▸ **MATERIAL PROVIDED**:
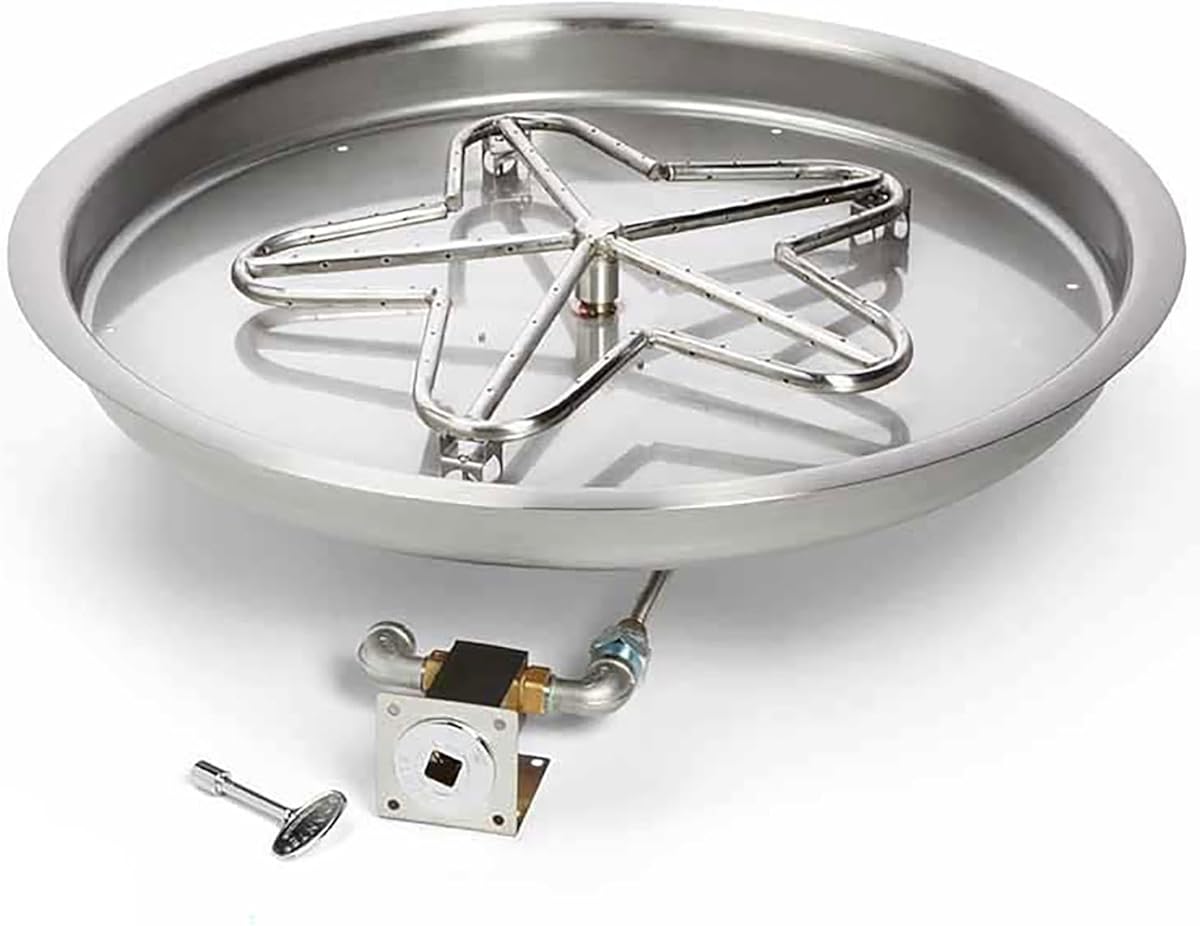 HPC Fire Match Light Fire Pit Burner Kit (PENTA25MLFPK-FLEX-NG), 25-Inch Bowl Pan, Natural Gas, UL Listed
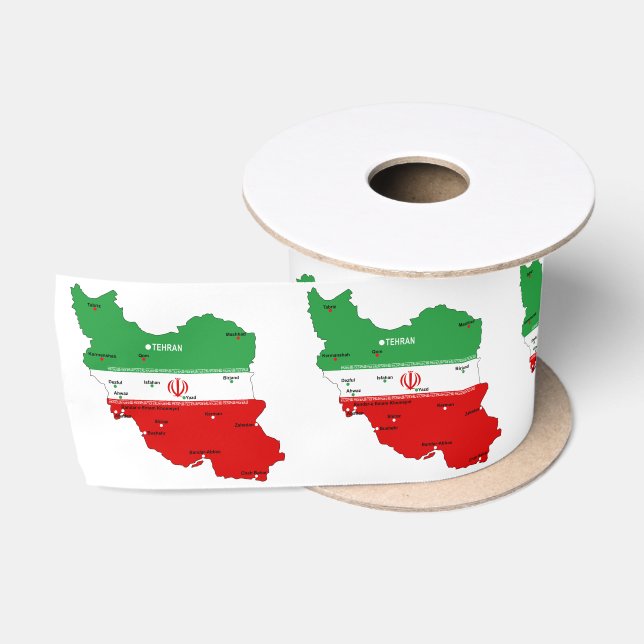 Iran Map with Flag and Emblem Satin Ribbon (Spool)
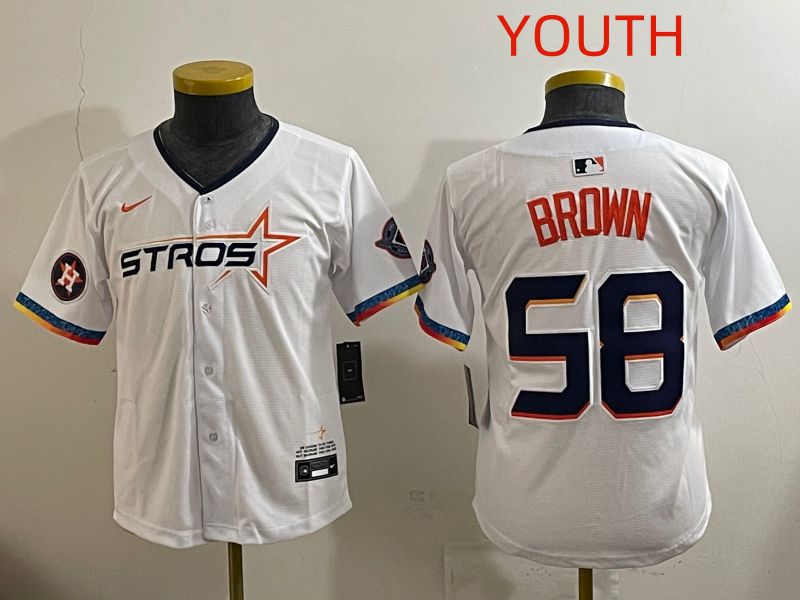 Youth Houston Astros #58 Brown White Fourth generation Joint Name 2025 Nike MLB Jersey style 6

▸ **ACTIVITY**: Please, leaving out all pictures, transcribe exactly the lines above from the one containing "Iran Map with" through the final line, both included.

▸ **ANSWER**:
 Iran Map with Flag and Emblem Satin Ribbon (Spool)
 Youth Houston Astros #58 Brown White Fourth generation Joint Name 2025 Nike MLB Jersey style 6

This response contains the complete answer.